A few things that don’t work well yet
There are a few things that need to be fixed:
- better handling of required actions: Keycloak has some required actions that, when called from their internal clients like the Account console, seems to create a reauthentication flow that don’t play ball well with our interception of the authentication url. It works perfectly now, but the required action is performed inside the SSO Extension, not on the browser. We’d like to get this done on the browser, but there’s a conflict with cookies that we can’t seem to solve.
- SAML, as pointed above,
- the implementation of some security checks during the authentication, the same way that Keycloak does when using their CookieAuthenticator. This will be done soon, but until then, if your Keycloak instance makes use of ACR/LoA, this authenticator might not comply with your authentication rules.
Conclusion
We believe that this implementation might be helpful for a lot of people that want either to try Platform SSO or to provide Platform SSO without having to rely on one of the big IdPs. Theoretically, with a few modifications and by using Token Exchange, , this solution can potentially be used in a way where Keycloak becomes a broker between Macs and other IdPs, but this is not something we tested or implemented.
It would be very nice if other developers could join our efforts, especially when it comes to the SSO Extension and its processing of SAML flows. If you can and want to help, send PR’s our way or drop as a line on the #Keycloak channel at the MacAdmins Slack .
Finally, I just wish Apple could be a bit more explicit on how they believe this extension should be used:
- After a token expiration, should we renew automatically for the user (after all, the
loginManagerhas a method for that, or should the user authenticate manually? - How should we handle SAML flows?
- Why no refreshing of tokens for Secure Enclave flows?
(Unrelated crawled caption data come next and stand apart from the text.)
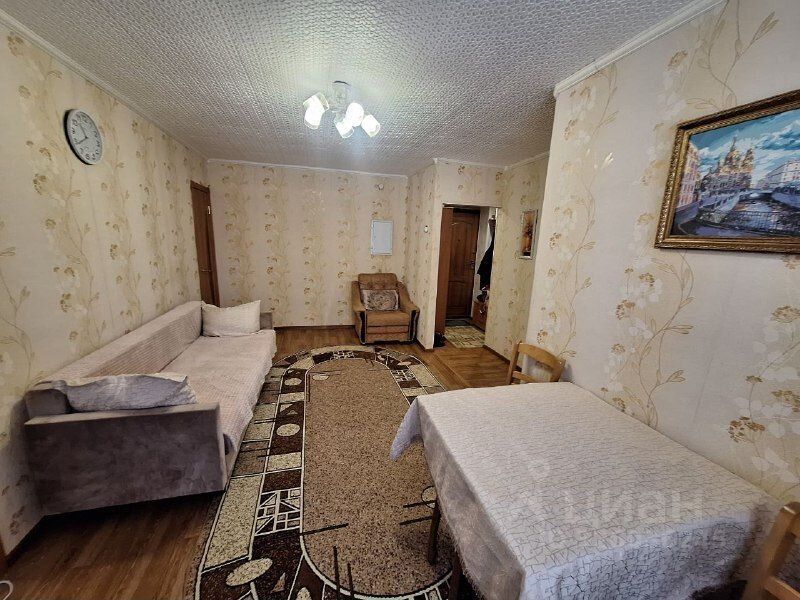 Продажа 2-комн квартиры на вторичном рынке Егорьевск, улица Гагарина, 3Б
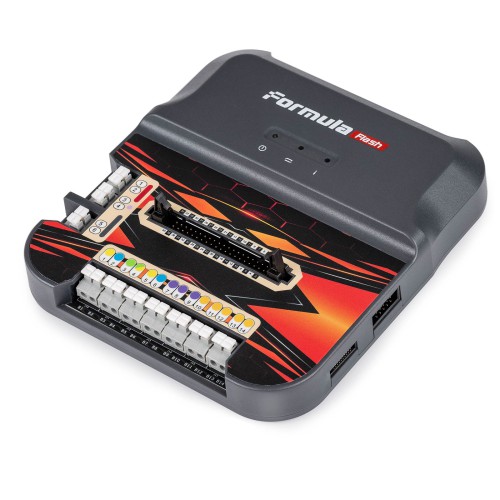 Formula FLash ECU Clone Tool, Data Read & Write, VIN Modify, IMMO Off, Power Upgrade, DTC Clean for Bike, Truck, Tractor, Bus, Boat, Car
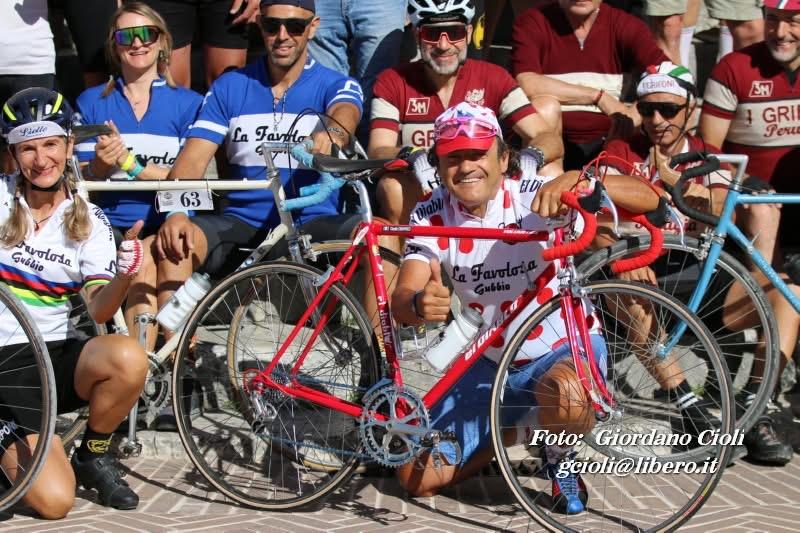 La Favolosa Gubbio Historical Cycling Tour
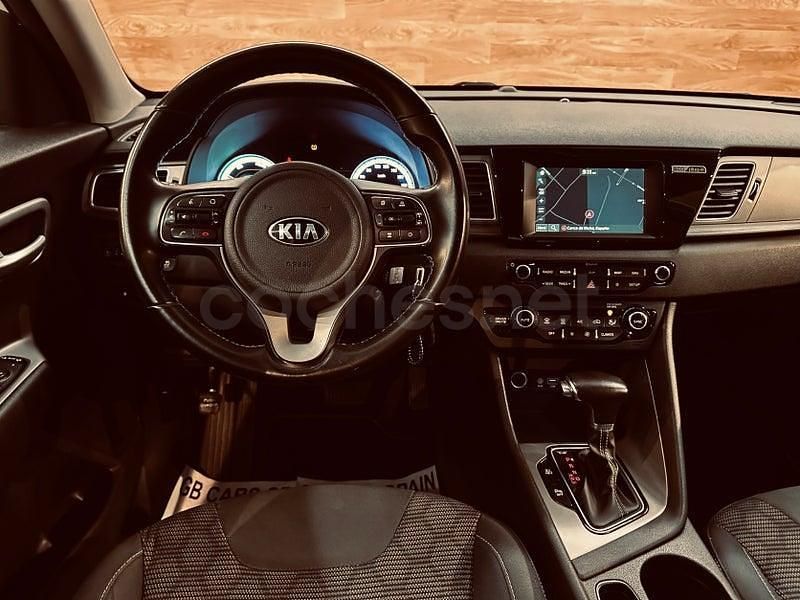 Usado Kia Niro 141 CV (103 kW) 2019 Blanco SUV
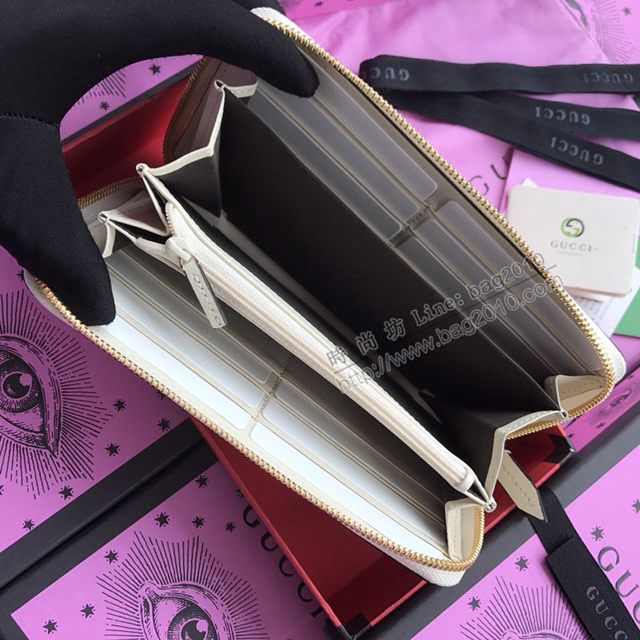 Gucci包 古馳2020新款女包 Gucci單肩斜跨女包 598113星星  gdj1114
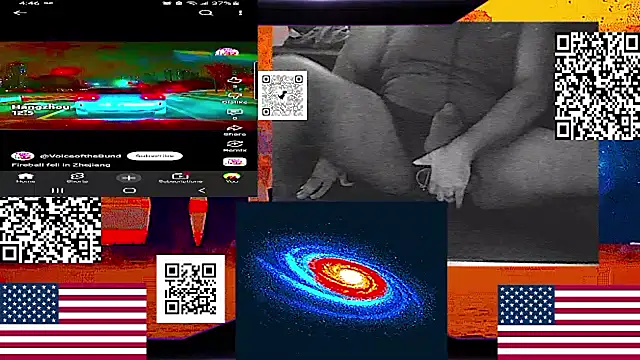 RussellTaylorLacy webcam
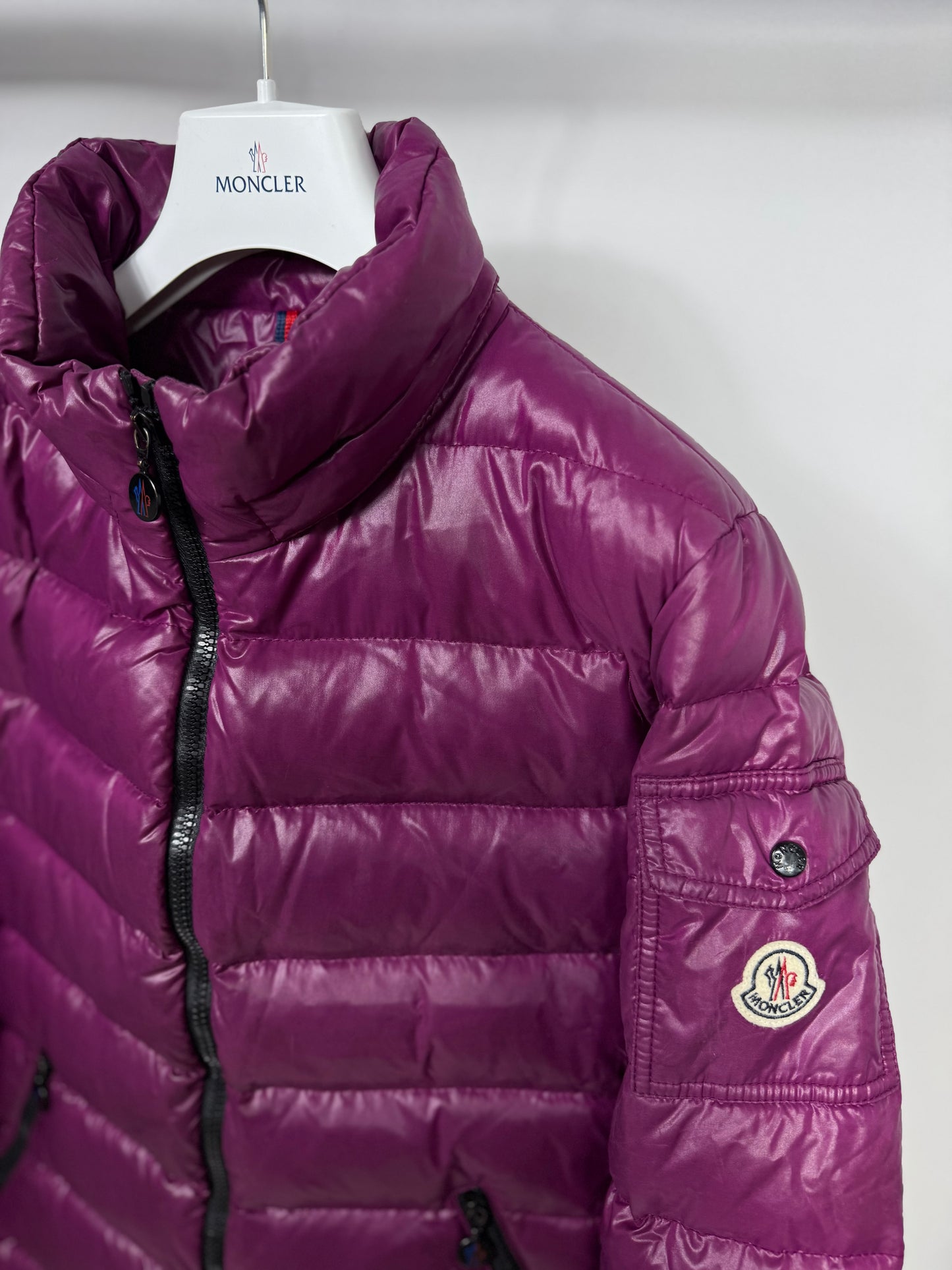 Moncler Bady Jacket - Size 4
I think there’s a lot that could be accomplished here if some of Apple’s intentions were known. But i must admit that, after implementing this extension, a lot of the documentation makes more sense - in the beginning, it felt insufficient, but I guess that’s mostly because there are no examples or design patterns shown anywhere, except by those examples from Twocanoes.
Acknowledgments
We are very grateful to the work of Timothy Perfitt and Joel Rennich, who across presentations and articles made this subject a bit clearer to a lot of people, myself included.
I am also grateful to my colleagues Gaute and Thomas, who encouraged me to write this, and who came with good ideas and feedback along the way.